Norbert soon finds himself at a strip club, where his new, sultry neighbor, Pippi (Amy Halldin) puts on a show (“The Buck Stops Here”). He inadvertently charms her, and the narrators sing that “It Doesn't Take a Genius” to figure out what happens next: Norbert falls for the vivacious stripper as his unaware wife tries to overcome her fear. Act One closes with the epic, hilarious number, “Storm's A-Brewin',” featuring madcap choreography, shiny costumes (Jimmy Johansmeyer, costume designer), and a disco ball (John Horan, lighting designer).
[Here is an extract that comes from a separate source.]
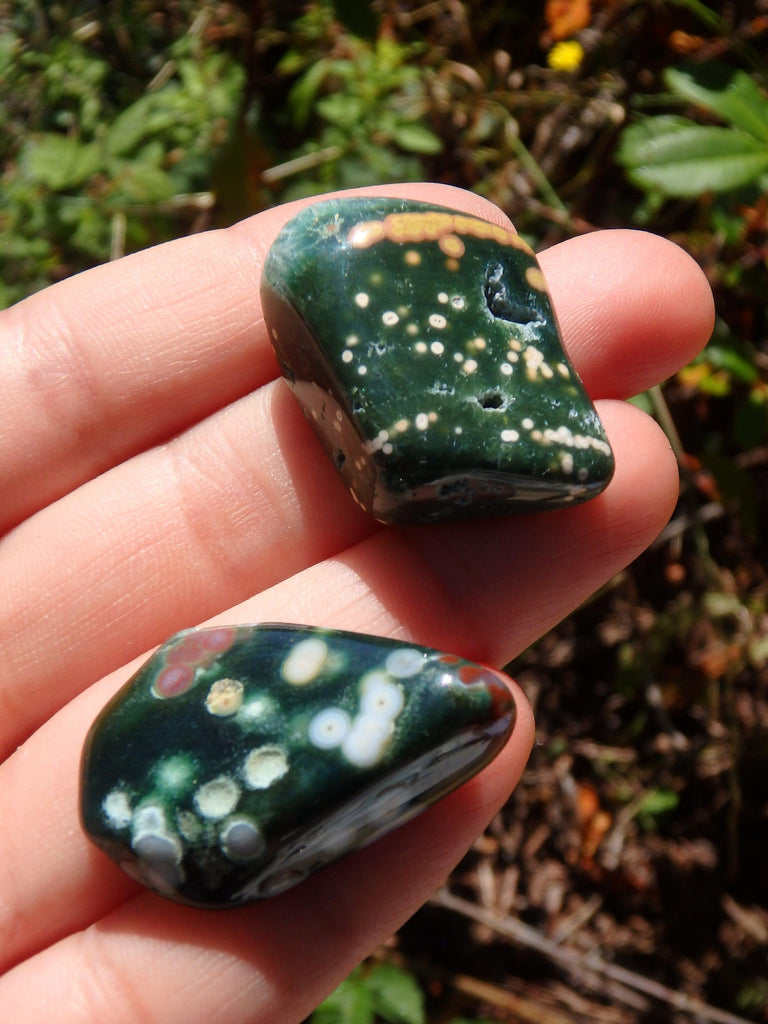Set of 2~Pretty orbs of Color Forest Green Ocean Jasper Tumbled Stones - Earth Family Crystals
The second act is shorter, but even more vibrant than the first. “Roadkill” follows Duke (Andy Moss), Pippi's crazy, magic-marker-sniffing ex-boyfriend, from Oklahoma City to Starke. He confronts her, Jeannie confronts Norbert, and in the moving climax, all must “make like a nail and press on.”
Four talented musicians (Ethan Deppe, Dillon Kondor, Shannon Cockbill and Matt Pond) provide instrumentation for the musical numbers. “The Great American TV Show,” a tribute to the tacky Sally/Jenny/Ricki-esque morning talk shows, particularly showcases theirs and the singers' musicianship.
At a few brief moments, the jokes abrade, but not because they offend; there's a bit about flan that goes on too long and an obligatory Britney Spears potshot (come on, she's too easy a target). But that's to say nothing of the performances, which are all airtight. Accents have been consistently well-executed in CRT shows this summer, but the intense, spot-on drawl the actors put on in “Trailer Park Musical” stands out, especially during songs (credit for crispness also goes to Don Tindall's sound design).
The clever look of the show is due in large part to Jo Winiarski's set design, which is filled with crafty props: flowerpots made of tires, an old Chevy grille, Christmas lights, cinder blocks, milk crates and a tiny pink flamingo — possibly a subtle nod to John Waters and the memorable steps he took toward glorifying, in a hyperbolically caricatured way, trailer park lifestyle.
It's that sort of depiction I was initially afraid could make for shaky subject matter, but after “Trailer Park Musical” immediately and humorously addresses the stereotypes, I realized my worry was unwarranted. The characters are content with their lives and not afraid to joke about outsiders' misconceptions.
At its heart, “Trailer Park Musical” is a story about finding happiness in unlikely places; on the surface, it's a comedy highlighting the coarse lifestyle found only in locales like Armadillo Acres.
That solid combination definitely makes CRT's last show worth seeing.